Re: pg_receivewal starting position

From: Michael Paquier <michael(at)paquier(dot)xyz>
To: Ronan Dunklau <ronan(dot)dunklau(at)aiven(dot)io>
Cc: Kyotaro Horiguchi <horikyota(dot)ntt(at)gmail(dot)com>, bharath(dot)rupireddyforpostgres(at)gmail(dot)com, pgsql-hackers(at)lists(dot)postgresql(dot)org, sawada(dot)mshk(at)gmail(dot)com
Subject: Re: pg_receivewal starting position
Date: 2021-10-28 12:31:36
Message-ID: YXqYKAdVEqmyTltK@paquier.xyz
Views: Raw Message | Whole Thread | Download mbox | Resend email
Thread:
Lists: pgsql-hackers

On Wed, Oct 27, 2021 at 10:11:00AM +0200, Ronan Dunklau wrote:
> Sorry I sent an intermediary version of the patch, here is the correct one.

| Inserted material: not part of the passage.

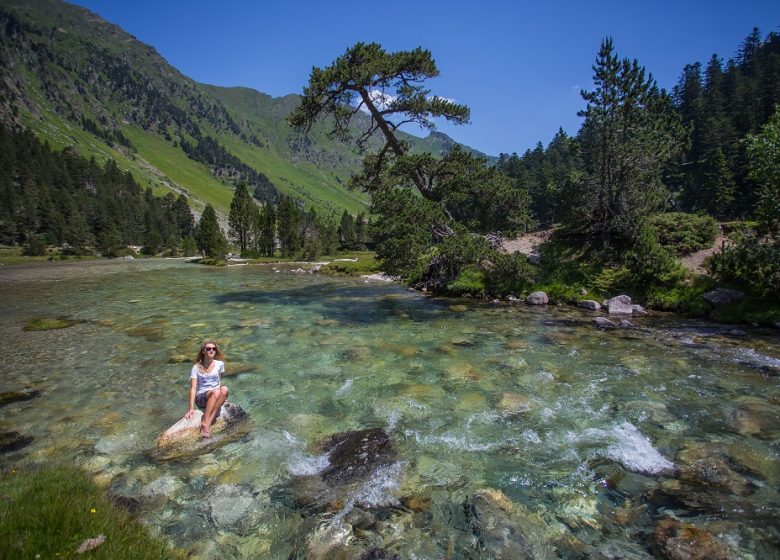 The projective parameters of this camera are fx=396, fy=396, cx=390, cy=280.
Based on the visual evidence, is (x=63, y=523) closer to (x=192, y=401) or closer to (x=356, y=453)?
(x=192, y=401)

While looking at this patch, I have figured out a simple way to make
the tests faster without impacting the coverage. The size of the WAL
segments archived is a bit of a bottleneck as they need to be zeroed
by pg_receivewal at creation. This finishes by being a waste of time,
even if we don't flush the data. So I'd like to switch the test so as
we use a segment size of 1MB, first.

A second thing is that we copy too many segments than really needed
when using the slot's restart_lsn as starting point as RESERVE_WAL
would use the current redo location, so it seems to me that a
checkpoint is in order before the slot creation. A third thing is
that generating some extra data after the end LSN we want to use makes
the test much faster at the end.

With those three methods combined, the test goes down from 11s to 9s
here. Attached is a patch I'd like to apply to make the test
cheaper.

I also had a look at your patch. Here are some comments.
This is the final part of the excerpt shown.